# Code for Top and Bottom Coding Protection Methods

***

Borrowing the notation from [Schneider & Lee (2022)](https://arxiv.org/abs/2106.16085):

There are $J$ times series denoted $y_j$.

The confidential (actual) value of $y_j$ at time $t$ is denoted $A_{j,t}$.

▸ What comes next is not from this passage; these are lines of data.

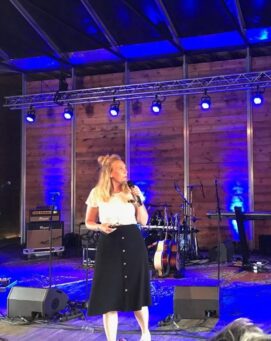 {{brizy_dc_image_alt imageSrc=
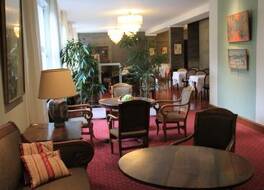 オステルリー サン アントワーヌ 写真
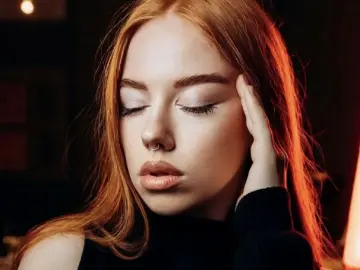 Livejasmin Adult Video Chat of AmberrFire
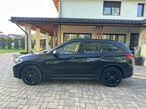 BMW X1 xDrive18d Aut. M Sport - 32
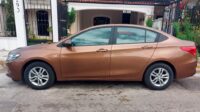 Chevrolet Cavalier LT 2019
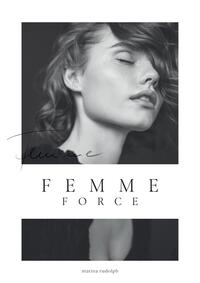 Femme Force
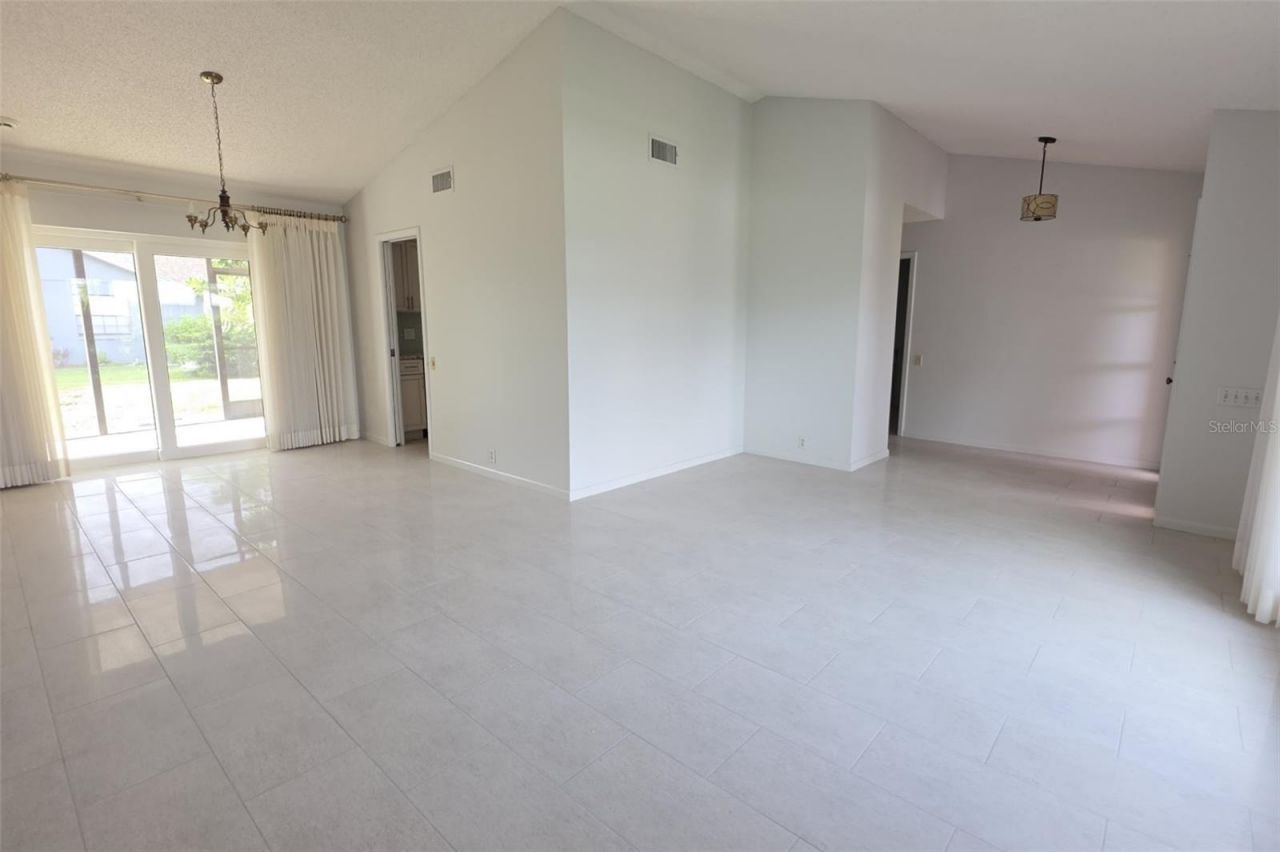 9927 Middlecoff Drive, New Port Richey, FL 34655 Photo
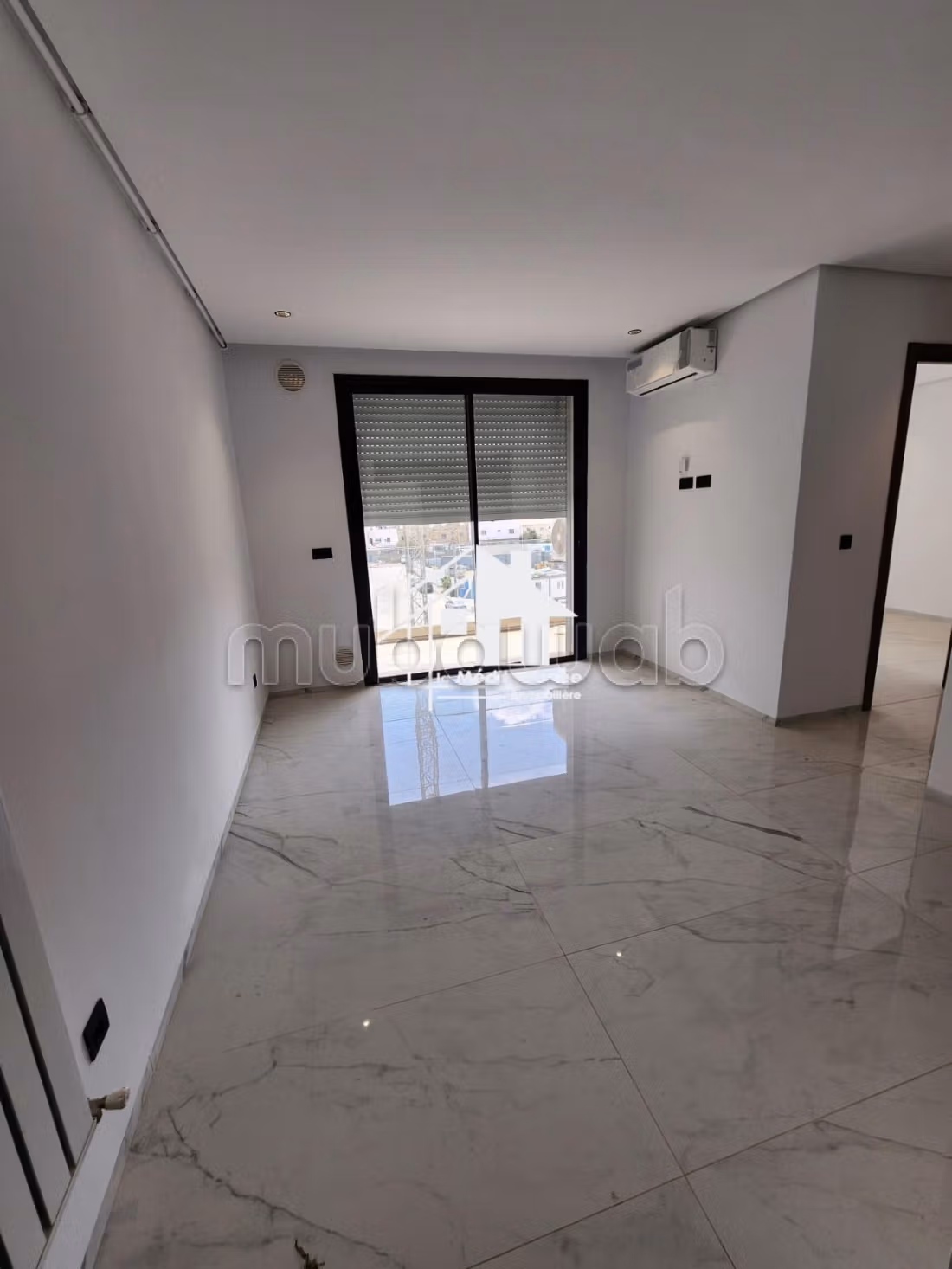 In vendita S2 nella nuova Soukra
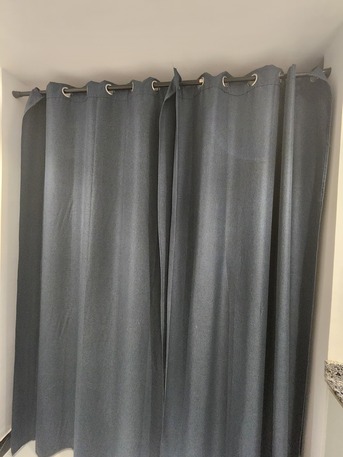 Al Saadah, Household Items, SAR 1000,  Used Household Items For Sale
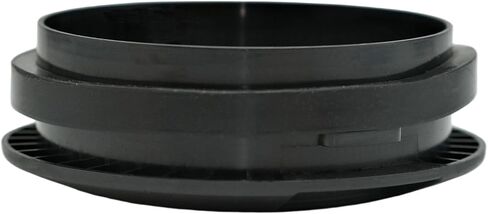 63D-2177H-00-00 غطاء القرص 2 لياماها Outboards العلوي القلنسة مع جوانات لياماها خارجي اثنين من السكتة الدماغية Waverunner Sterndrive مركبة بحرية أجزاء in Kuwait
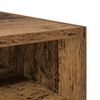 Vignette du produit 9 sur 16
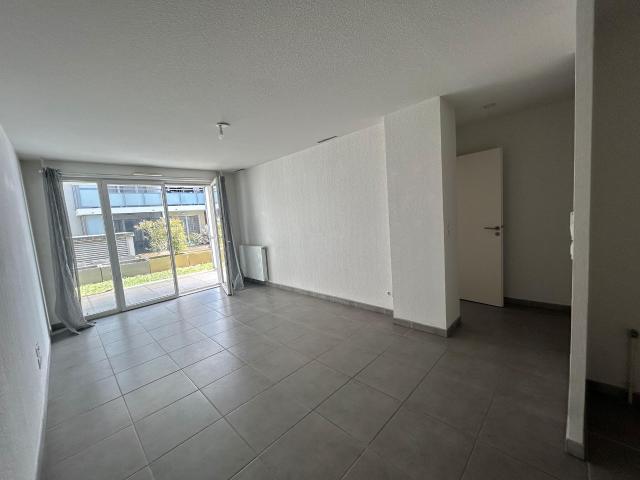 Appartement vente à Toulouse, Tournefeuille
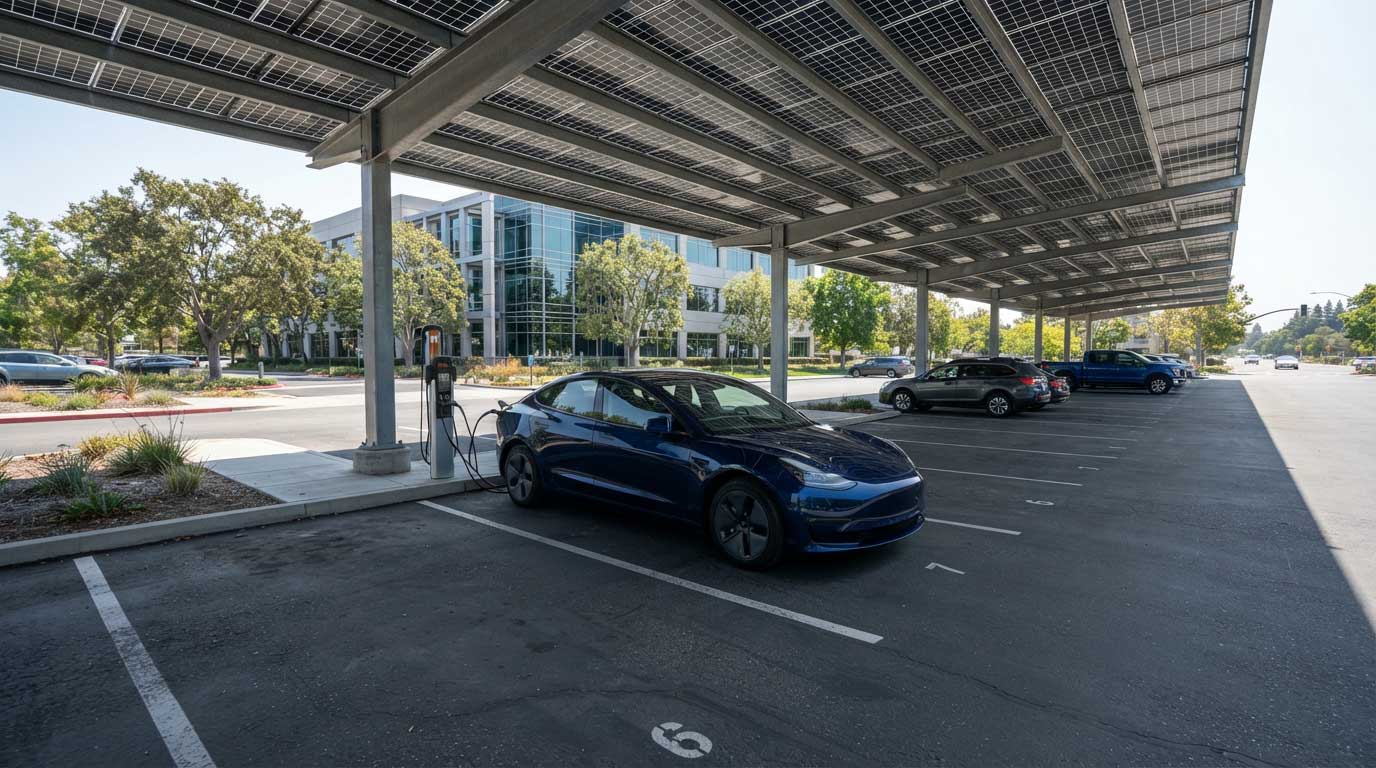 Car Roof Solar Panel: How It Works and What to Know 3 3gfdshgfdshgfds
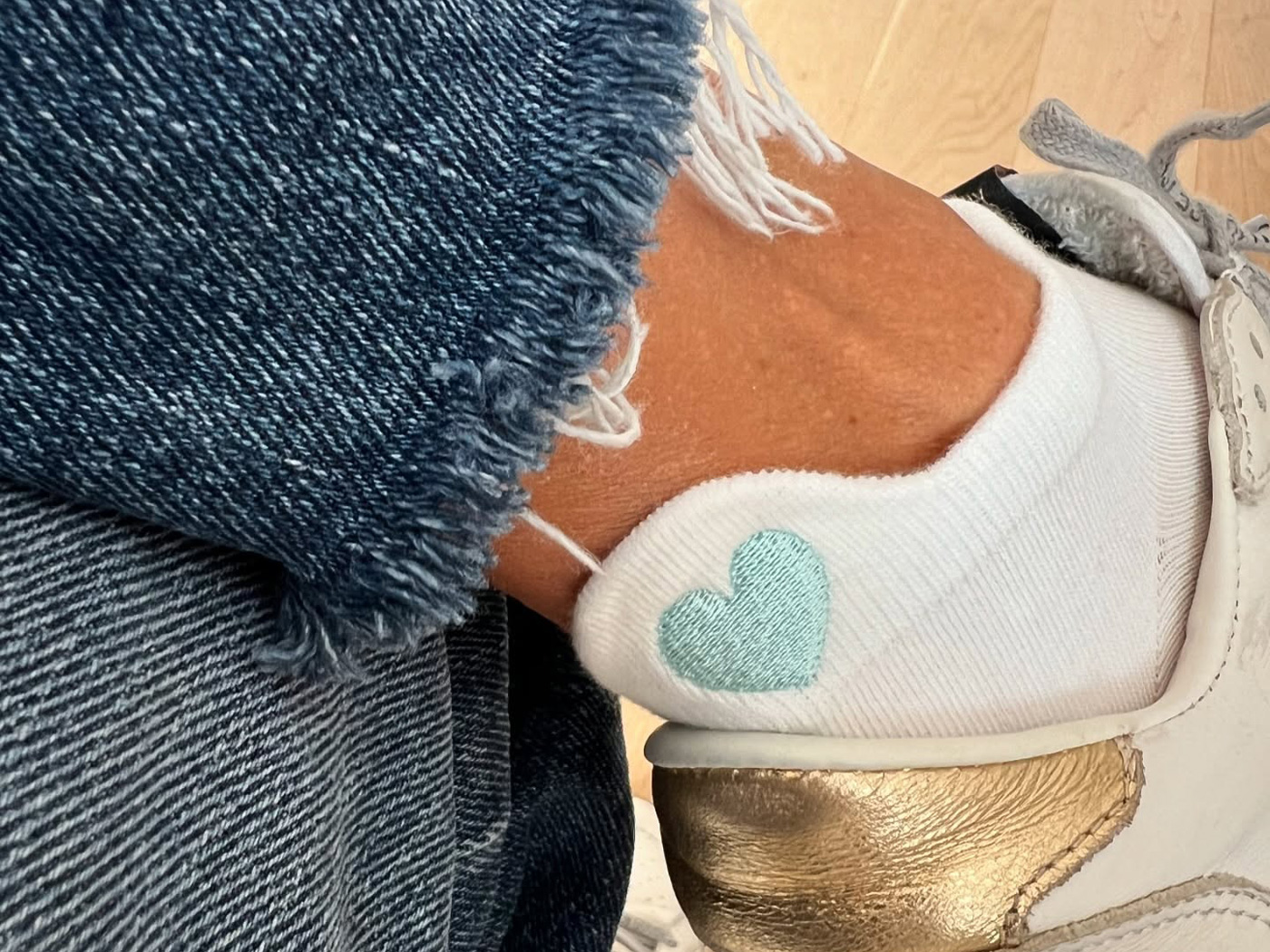 lua-socken_1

Under `Top Coding`, the top $p$ percent of observations are replaced with the $1-p$ quantile. Under `Bottom Coding`, the bottom $p$ percent of observations are replaced with the $p$ quantile.

***

In [1]:
# general modules
import numpy as np
import pandas as pd

# nice time series plots
from sktime.utils.plotting import plot_series

In [2]:
# import weekly finance series, skipping column names
Y = np.genfromtxt("../../../Data/Train/Clean/weekly_finance_clean.csv", delimiter = ',', skip_header = 1)

In [3]:
y = Y[0,:]

In [5]:
q = np.quantile(y, q=0.1)

In [12]:
y_bc = np.array([i if i > q else q for i in y])

In [None]:
def coding_protection(series, coding_type, percent_protected):
    if coding_type=="Bottom":
        q = np.quantile(series, q=percent_protected)
        series_bc = [i if i > q else q for i in series]
    elif coding_type=="Top":
        q = np.quantile(series, q=1-percent_protected)
        series_bc = [i if i < q else q for i in series]